Вениамин учуял знакомое «кислое» дыхание и перед глазами возникли воспоминания, как вчера отец понуро пришел домой, устало сел за стол, наполнив стакан мутной жидкостью.

– Немного с ребятами погудели, – виновато сказал он и целиком опрокинул в себя содержимое стакана.

– Уж вижу.

«Лучше б поругала», – подумал тогда Вениамин, прячась в самом углу комнаты.

Обреченность в голосе матери сыграла дурную роль, а может, второй стакан, но отец вскинулся, заревев:

– Что, блядь? «Уж вижу!» Что ты вообще можешь видеть… городская ты шалава!

Потом схватил мать за шею, повел в спальню. Вениамин закрыл уши руками, крепко-крепко, как учила тетя Таня, соседка. Так крепко, что ладони моментально вспотели. Не помогло: он все равно слышал завывания мамы. «Сильно бьет», – трясясь в беззвучных рыданиях, понял Вениамин.


– Я для рыбалки, папа! – проговорил он скороговоркой, чувствуя, как крупные слезы катятся из глаз.

– Какая еще рыбалка, уродец! – отец дыхнул перегаром прямо в лицо.

Вениамин так испугался, что попытался вырваться. Почти получилось. Пьяными, размашистыми движениями отец не смог поймать его. Мальчик поднырнул вниз, под растопыренные руки родителя, выскочил и быстро пополз по приступку прочь. В следующую секунду отец наклонился, покачнулся от сильного замаха и грохнулся в воду. Брызнула вверх зеленая тина, полетели листочки кувшинок. Вениамин обмер, почти не дышал, а отец, ревя и чертыхаясь, карабкался из воды.

«Теперь убьет», – как-то отстраненно подумал он. Вслух пролепетал:

– Папа, папочка, не надо… – и, не выдержав, побежал что есть силы.

То ли после отрезвившей холодной воды, то ли от злости, но отец ловко, в два прыжка, нагнал сына, придавил к земле коленом, начал бить…

Бил долго, пока тетя Таня с мужем Колей не оттащили.

Что было дальше, Вениамин не помнил. Он что-то видел, но ничего не слышал. В уши залилась кровь, перемешавшись с кисло пахнущей слюной отца и болотной водой. В последний момент, прежде чем потерять сознание, Вениамин подумал: «Отомщу всем лягушкам» – и почувствовал, как теплая струйка мочи течет по ногам, заливается в носки, ботинки.

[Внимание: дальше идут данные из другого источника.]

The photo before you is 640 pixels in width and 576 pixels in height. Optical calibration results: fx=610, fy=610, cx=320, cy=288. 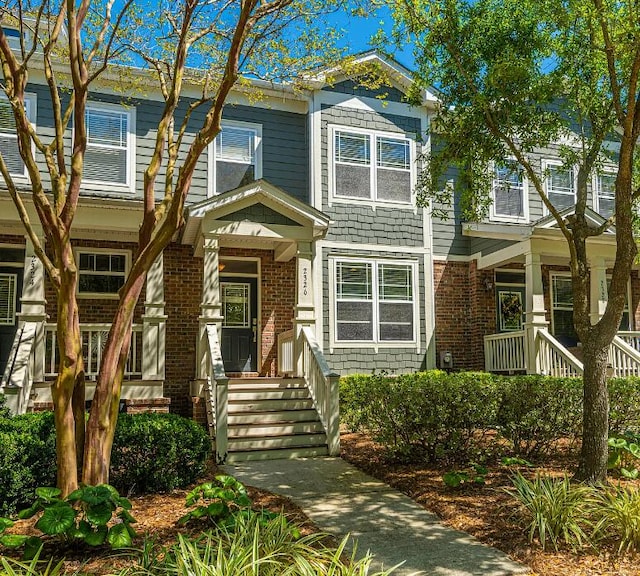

Через несколько дней он пришел в сознание и услышал рассказ бабушки.

– Не угомонился папенька-то, – поведала она. – С Николаем, соседом, подрался. Тот-то не во хмелю, знамо дело, поколотил его. Ну твой папка-то хорош, двустволку взял, и к Николай Иванычу на порог. А ну, говорит, давай, выходи! На что Николай Иваныч, разумный мужик, да и по хозяйству у него все… даром что детей нет… – бабушка подтыкала свернутые портянки под шею и набухшие от гематом плечи Вениамина, – …но не выдержал он матюгов дурня-то этого. Вышел. Так тот дурень пальнул в него спьяну-то. Да что там, – отмахнулась она, – не попал толком. Вот уж дурнем родился, дурнем помрет. Прости, Господи! – и бабушка перекрестилась сухой, с коричневыми пятнами, рукой, обернувшись к стене, на которой висели закопченные от времени иконы. – Бросился к Николаю-то да кричит: «Коля, Коля, брат!» Испугался, что ль? А когда стрелял, не пугался, что ль? Да тот так и валяется. Только по щеке кровь хлещет. Даром что пьяный был. А то, может, и убил бы. В общем, милиция приезжала в дом-то ваш. Сам Петр Васильевич из райцентра. Забрали папаньку-то твоего. Надолго забрали! – сухо подвела итог бабушка. – Ты виноват-то! Кто папку-то расстроил?! И даром что за дело! А так, по глупости. Тоже дрянная кровь…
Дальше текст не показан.